Technical Capability
Does your team have the bandwidth to integrate and support payments? Proper embedded payments require robust APIs, webhooks, and tokenization. If your development resources are limited or need to stay focused on core features, a partner’s SDKs and support can save significant time. On the other hand, a highly skilled fintech team may eventually absorb integration tasks. Be honest about your readiness. If you cannot handle asynchronous events, declines, reconciliation, and ongoing optimization, start with a partner.
Next Steps for Leaders
Audit Your Payments Strategy
Map how payments fit your business model today, including revenues, margins, and churn. Identify pain points such as decline rates, chargebacks, or KYC bottlenecks, and set clear goals such as higher approval rates or new payment types.
Engage a Payments Partner
Rapidly prototype embedded checkout through a vendor or PayFac-as-a-Service provider such as Cartis Payments. Leverage their SDKs to learn key metrics such as authorization rates, operating costs, and conversion lift without significant upfront effort.
Plan a Phased Roadmap
Use data from the partner integration to decide if and when to invest in your own stack. In the short term, focus on sales and retention. In the long term, if volumes and margins justify it, consider selectively building components such as a custom user interface or risk models in house.

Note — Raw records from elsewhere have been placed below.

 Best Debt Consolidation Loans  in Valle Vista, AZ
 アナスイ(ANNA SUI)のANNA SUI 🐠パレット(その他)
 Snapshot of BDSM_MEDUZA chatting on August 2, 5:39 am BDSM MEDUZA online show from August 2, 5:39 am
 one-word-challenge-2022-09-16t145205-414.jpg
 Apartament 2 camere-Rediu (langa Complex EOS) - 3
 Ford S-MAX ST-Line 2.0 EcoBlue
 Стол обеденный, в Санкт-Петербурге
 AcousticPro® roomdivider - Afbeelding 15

Choosing the right approach is not one-size-fits-all.
Build vs. Partner: Quick Comparison
Build
Control: full ownership of roadmap, user experience, and data
Speed: slow, due to integration and compliance requirements
Cost: high, driven by development, capital expenditure, and compliance
Risk: high, including fraud and chargeback liability
Partner
Control: shared, dependent on provider capabilities
Speed: fast, with ready-to-use APIs and quicker launch
Cost: lower upfront, based on usage or revenue sharing
Risk: lower, with outsourced compliance and PCI scope
Considering embedded payments this year? Let’s compare your build versus partner options and map the fastest path to revenue and scale.
FAQ
Is it always cheaper to partner instead of building embedded payments in house?
Not always. Partnering lowers upfront cost and shifts risk, but it means sharing transaction revenue on an ongoing basis. At high enough volume, the economics can favor building selectively once a platform understands its margins and compliance burden.
How long does it typically take to launch embedded payments with a partner versus building in house?
Partnering with an established provider can get embedded checkout live in weeks. Building in house, including banking relationships, underwriting, and PCI DSS compliance, commonly takes months to years before it is ready for production volume.
Do platforms have to choose one approach permanently?
No. A common path is to launch with a partner to validate demand and economics, then selectively build specific components, such as a custom checkout UI or risk models, once volume and margins justify the investment.